Département de biochimie et génomique fonctionnelle, Faculté de médecine et des sciences de la santé, Université de Sherbrooke, Sherbrooke, QC J1E 4K8, Canada.
Département de microbiologie et d'infectiologie, Faculté de médecine et des sciences de la santé, Université de Sherbrooke, Sherbrooke, QC J1E 4K8, Canada.
Nucleic Acids Res. 2020 Mar 18;48(5):2271-2286. doi: 10.1093/nar/gkaa028.

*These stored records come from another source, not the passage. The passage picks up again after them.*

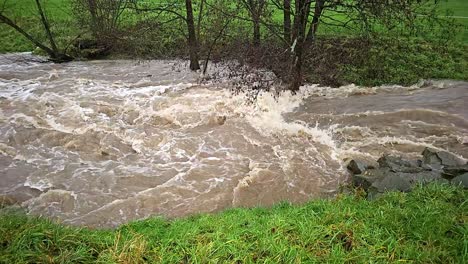Dirty flood water flowing fast in the river, abstract close-up, super slow motion video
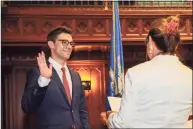  ?? Joe Lemieux / Contribute­d photo ?? Ryan Fazio, a Republican from Greenwich, is sworn in on Thursday by Secretary of the State Denise Merrill as the new senator in the 36th District, representi­ng Greenwich and part of Stamford and New Canaan.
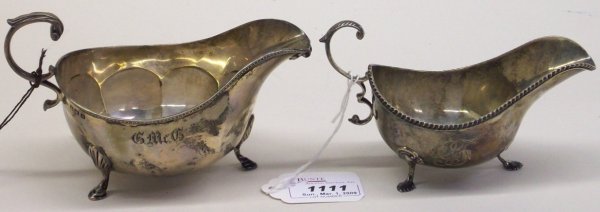 TWO STERLING SILVER CREAMERS: One English bearing 1871 Birmingham hallmark, approximate height 3 1/2", the other marked "E.A. Brown 62" on underside, height 3", d weight 7 troy ounces .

The study of RNA expression is the fastest growing area of genomic research. However, despite the dramatic increase in the number of sequenced transcriptomes, we still do not have accurate estimates of the number and expression levels of non-coding RNA genes. Non-coding transcripts are often overlooked due to incomplete genome annotation. In this study, we use annotation-independent detection of RNA reads generated using a reverse transcriptase with low structure bias to identify non-coding RNA. Transcripts between 20 and 500 nucleotides were filtered and crosschecked with non-coding RNA annotations revealing 111 non-annotated non-coding RNAs expressed in different cell lines and tissues. Inspecting the sequence and structural features of these transcripts indicated that 60% of these transcripts correspond to new snoRNA and tRNA-like genes. The identified genes exhibited features of their respective families in terms of structure, expression, conservation and response to depletion of interacting proteins. Together, our data reveal a new group of RNA that are difficult to detect using standard gene prediction and RNA sequencing techniques, suggesting that reliance on actual gene annotation and sequencing techniques distorts the perceived architecture of the human transcriptome.
RNA 表达研究是基因组研究中发展最快的领域。然而,尽管转录组测序数量急剧增加,但我们仍然无法准确估计非编码 RNA 基因的数量和表达水平。由于基因组注释不完整,非编码转录本经常被忽视。在这项研究中,我们使用反转录酶进行 RNA reads 的无注释检测,以识别非编码 RNA。筛选出 20 到 500 个核苷酸的转录本,并与非编码 RNA 注释进行交叉检查,结果显示在不同的细胞系和组织中表达了 111 个未注释的非编码 RNA。检查这些转录本的序列和结构特征表明,其中 60%的转录本对应于新的 snoRNA 和 tRNA 样基因。鉴定出的基因在结构、表达、保守性和对相互作用蛋白缺失的反应方面表现出各自家族的特征。总之,我们的数据揭示了一组新的 RNA,这些 RNA 很难用标准的基因预测和 RNA 测序技术检测到,这表明依赖于实际的基因注释和测序技术会扭曲人们对人类转录组结构的认识。